WHAT TO PRODUCE
With the pictures removed, write out the full listing below exactly.
[[ INFORMATION PROVIDED, beginning ]]
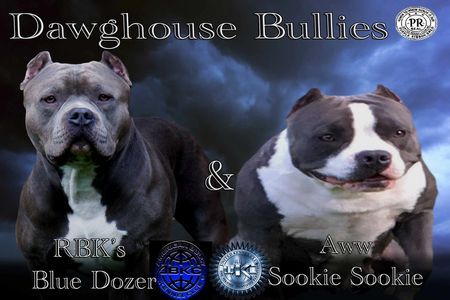 RBK's Blue Dozer & Aww Sookie 2016 promotional artwork featuring both bulldogs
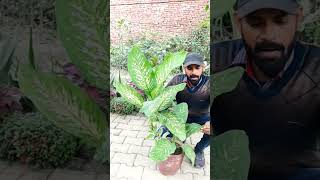 Dieffenbachia Plant care and benefits cutting winter dieffenbachia plant care colourful its [upl. by Revolc841]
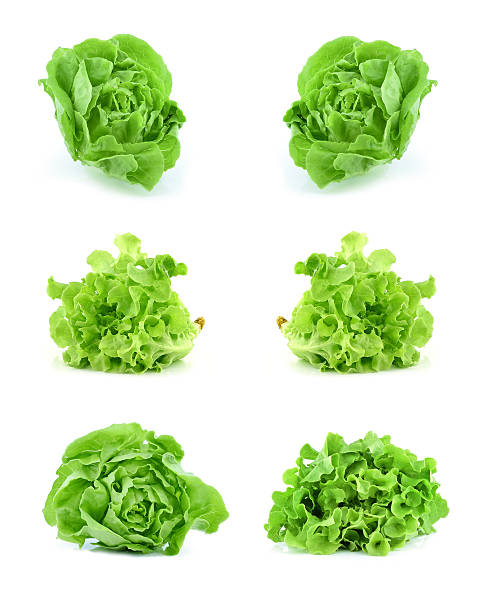 istock green lettuce leaves isolated on white background 623869450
[[ INFORMATION PROVIDED, end ]]
FINISHED TASK
 RBK's Blue Dozer & Aww Sookie 2016 promotional artwork featuring both bulldogs
 Dieffenbachia Plant care and benefits cutting winter dieffenbachia plant care colourful its [upl. by Revolc841]
 istock green lettuce leaves isolated on white background 623869450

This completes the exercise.